September 8, 2014
By: Kelly Diamond, Publisher
“If President Obama and his successors continue with their heavy-handed approach of levying sanctions against every country that does something US policymakers don’t like, it will only lead to more countries shunning the dollar and accelerating the dollar’s slide into irrelevance.” — Aug 10, 2014, Ron Paul, former Republican US Congressman
And that is exactly what is happening. Currently, Russia and China, two countries the US loves to hate, are brokering a deal to trade in their own respective currencies. I.e. no longer relying on the USD as the intermediary or the reserve currency.
Where she can, Russia is turning to the Yuan and other Asian currencies to avoid or reduce dependency on the U.S. Dollar.According to a recent article in RT, “Russia will start settling more contracts in Asian currencies, especially the yuan, in order to lessen its dependence on the dollar market, and because of Western-led sanctions that could freeze funds at any moment.”
“The Central Bank of Russia is working on creating a national payment system, which both China and Japan have already established, and is expected to be up and running within four months.”
Another notable development in the Russia-China relationship is that they are trying to create a new joint rating system that would replace that of the S&P and Moody’s. I have my doubts about China being totally transparent or forthwith considering their sketchy dealings in the metals markets. However, the mere attempt at usurping the Western based rating systems should not go unnoticed!

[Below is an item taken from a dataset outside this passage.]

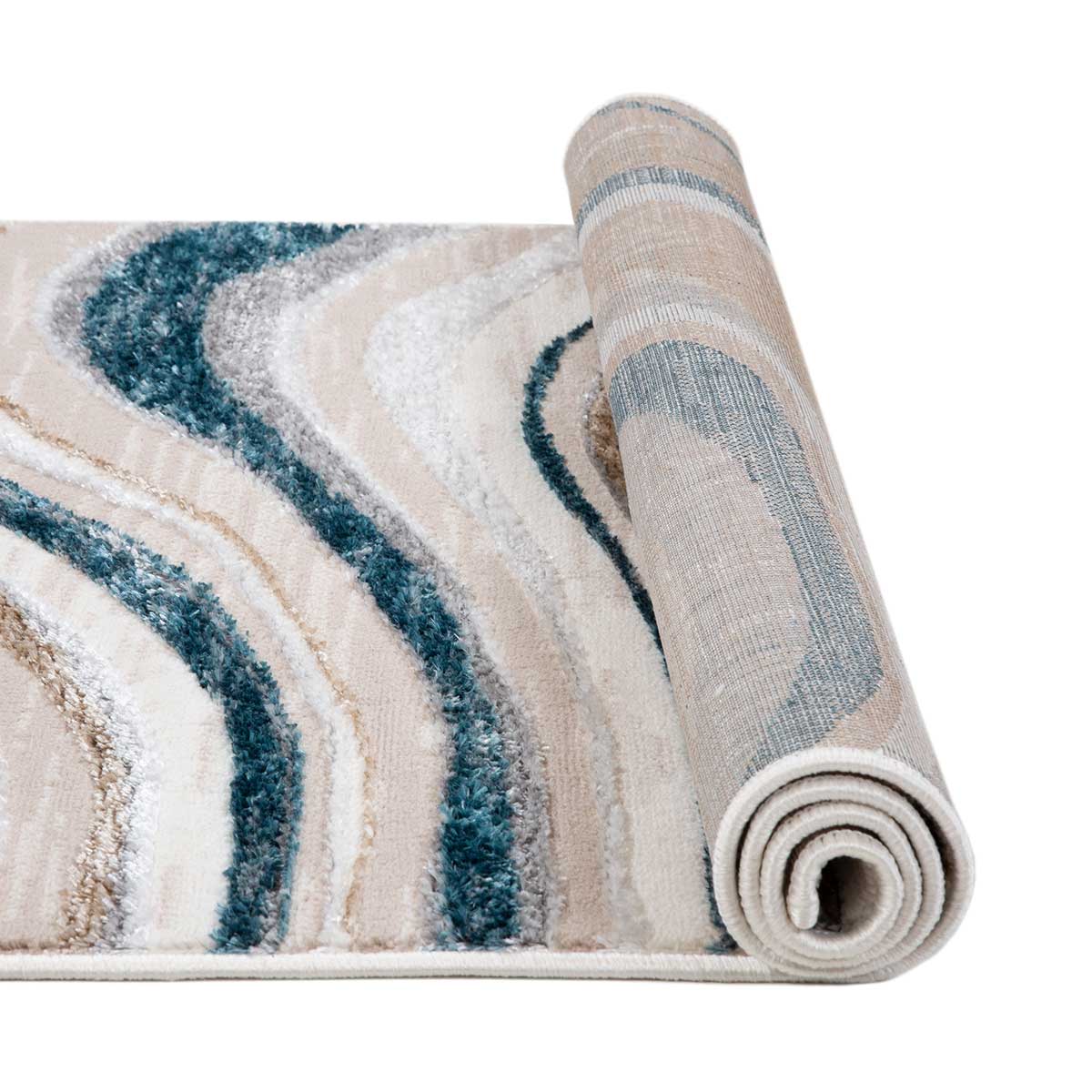 Tapete ZAVE waves multicolor 133x190cm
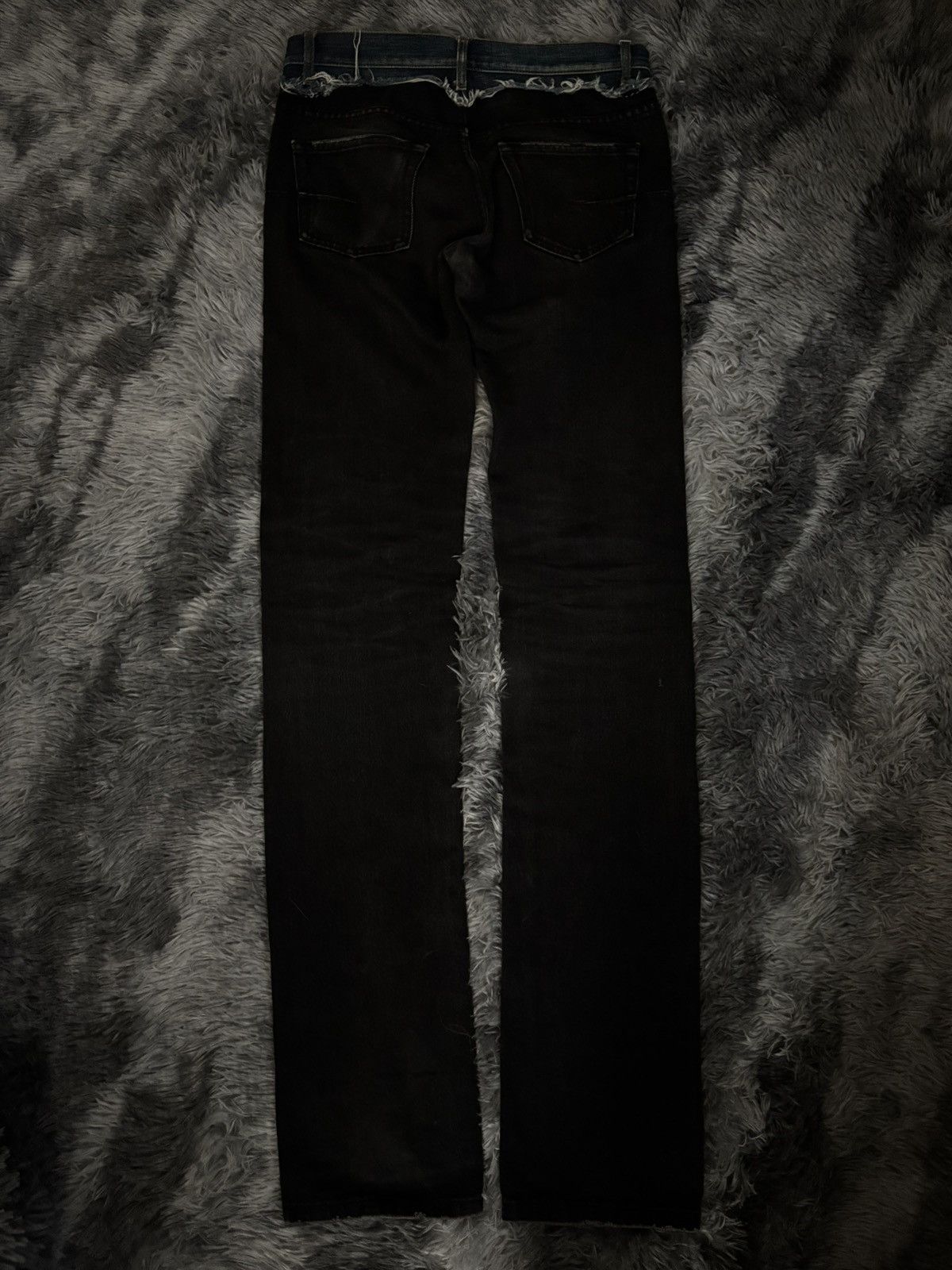 Dior dior homme AW06 cummerbund black denim “These Grey Days” Size US 28 / EU 44 - 2 Thumbnail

An interesting question came to me when I read both Congressman Paul’s quote and a few articles on the deal being brokered between Russia and China’s respective central banks: Can WE take a lesson in all of this?
If this were a choose-your-own-adventure series, and I answered that question with “no”, then that would be the end of the story. But I truly think there are implications down to the individual level that we are seeing play out here in the United States, and perhaps we would do well to consider follow Russia and China’s lead.
Never in a million years did I think I would ever herald Russia as an example of anything for Americans (insert wry chortle here), but times are a-changing!
What would happen if I switched up a few words in Congressman Paul’s quote? For example:
“If President Obama and his successors continue with their heavy-handed approach of levying taxes on every business and individual that earns a dollar, it will only lead to more of them shunning the dollar and accelerating the dollar’s slide into irrelevance.”
Obviously, Congressman Paul was correct in his assessment of US foreign policy as it pertains to those growing tired of cow-towing to the US. But look at what businesses and some individuals are doing in response to the punitive level of taxation being imposed upon them by the US government.
Individuals and businesses alike are leaving or at the very least distancing themselves from the US. Even if they can’t leave entirely, they are getting as much as they can OUT of the US.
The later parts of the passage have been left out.